For Administrators and Employees
The Genetic Information Nondiscrimination Act (GINA) prohibits discrimination on the basis of genetic information. A covered entity may not request, require, or purchase genetic information of an individual or family member of the individual. However, the prohibition against requesting, requiring, or purchasing genetic information does not apply if the covered entity inadvertently requests or requires genetic information.
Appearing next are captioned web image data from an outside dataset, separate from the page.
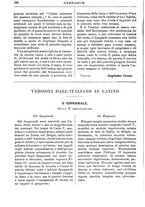 giornale/RML0026742/1909-1910/unico/00000064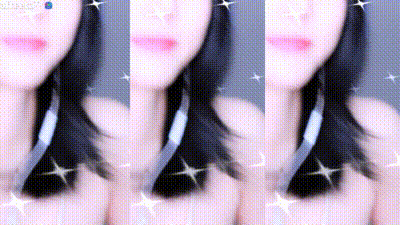 2023-05-07_05-43-51 - tmdgus5411-cut-merged-1683521385930 动图预览 - 私房ACG - sifacg.com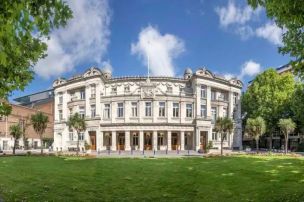 好消息！上海落户认定院校新增15所，成为沪籍又双叒叕容易啦！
To prevent a GINA violation, the federal regulations provide a disclosure covered entities may use. This disclosure ensures that any requested genetic information was inadvertent, and therefore, not in violation of GINA. The regulations state:
- “The Genetic Information Nondiscrimination Act of 2008 (GINA) prohibits employers and other entities covered by GINA Title II from requesting or requiring genetic information of an individual or family member of the individual, except as specifically allowed by this law. To comply with this law, we are asking that you not provide any genetic information when responding to this request for medical information. ‘Genetic information’ as defined by GINA, includes an individual's family medical history, the results of an individual's or family member's genetic tests, the fact that an individual or an individual's family member sought or received genetic services, and genetic information of a fetus carried by an individual or an individual's family member or an embryo lawfully held by an individual or family member receiving assistive reproductive services.” 29 C.F.R. §1635.8
Covered entities should include the above quoted disclosure language when requesting any medical information including, but not limited to, FMLA medical certification forms and requests for documentation surrounding an employee’s need for an accommodation.